__Given information__.
----------------

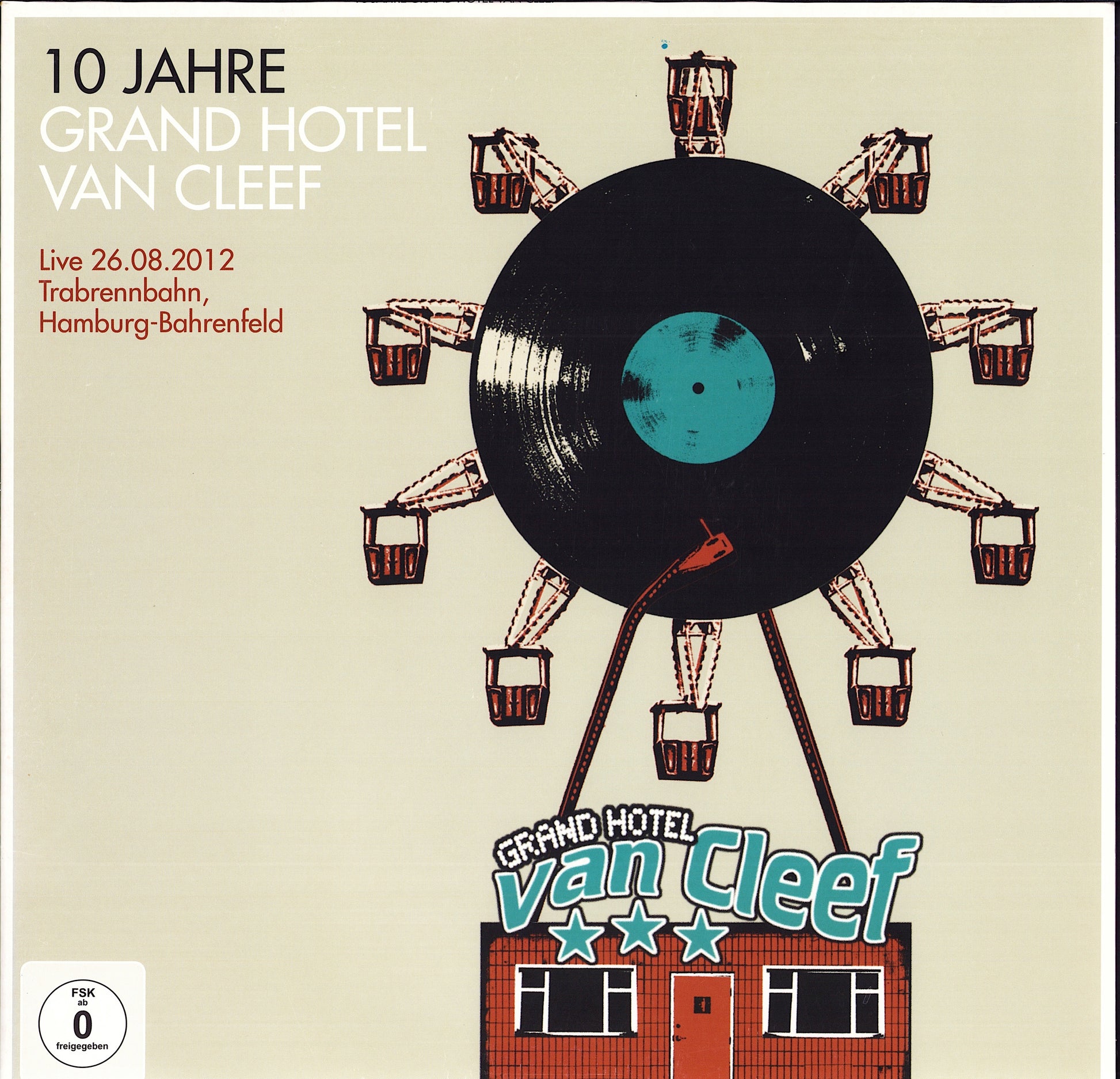 10 Jahre Grand Hotel van Cleef - Live - White Vinyl LP + DVD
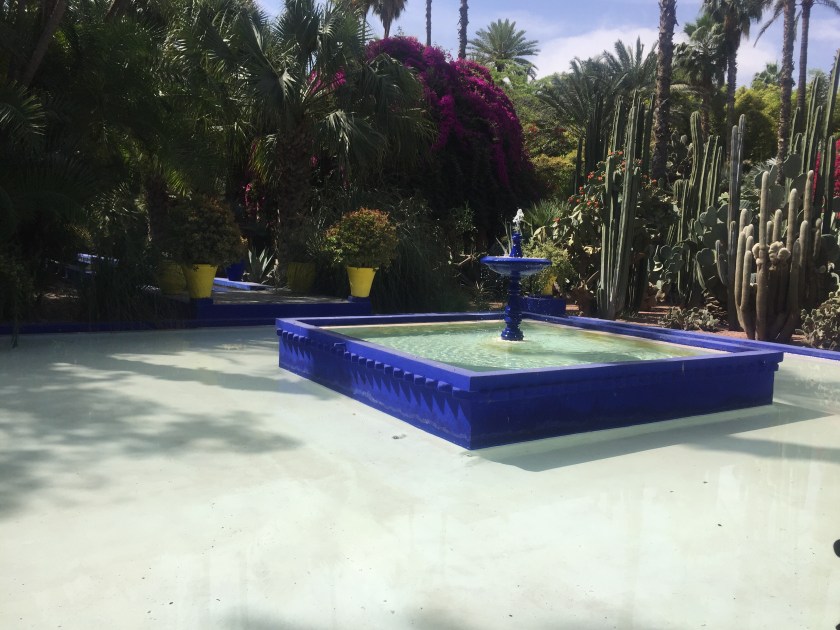 Water feature at jardin majorelle 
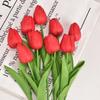 Tulipán Flor Artificial Transfronteriza Boda Hogar Hotel Decoración Decoración Suave Mini Tacto PU Flor Falsa Planta Artificial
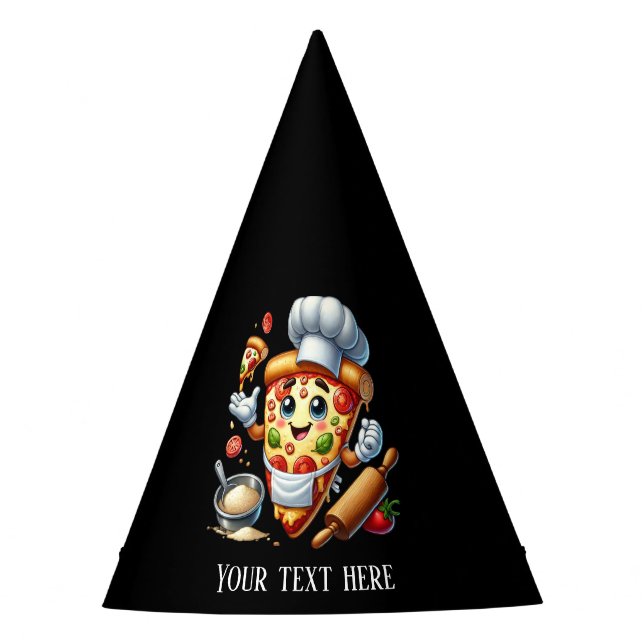 Cool pizza lovers party customizable hat (Front)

----------------

__Exercise aim__. Write out the whole listing exactly, and drop the pictures.

__Exercise response__.
 10 Jahre Grand Hotel van Cleef - Live - White Vinyl LP + DVD
 Water feature at jardin majorelle 
 Tulipán Flor Artificial Transfronteriza Boda Hogar Hotel Decoración Decoración Suave Mini Tacto PU Flor Falsa Planta Artificial
 Cool pizza lovers party customizable hat (Front)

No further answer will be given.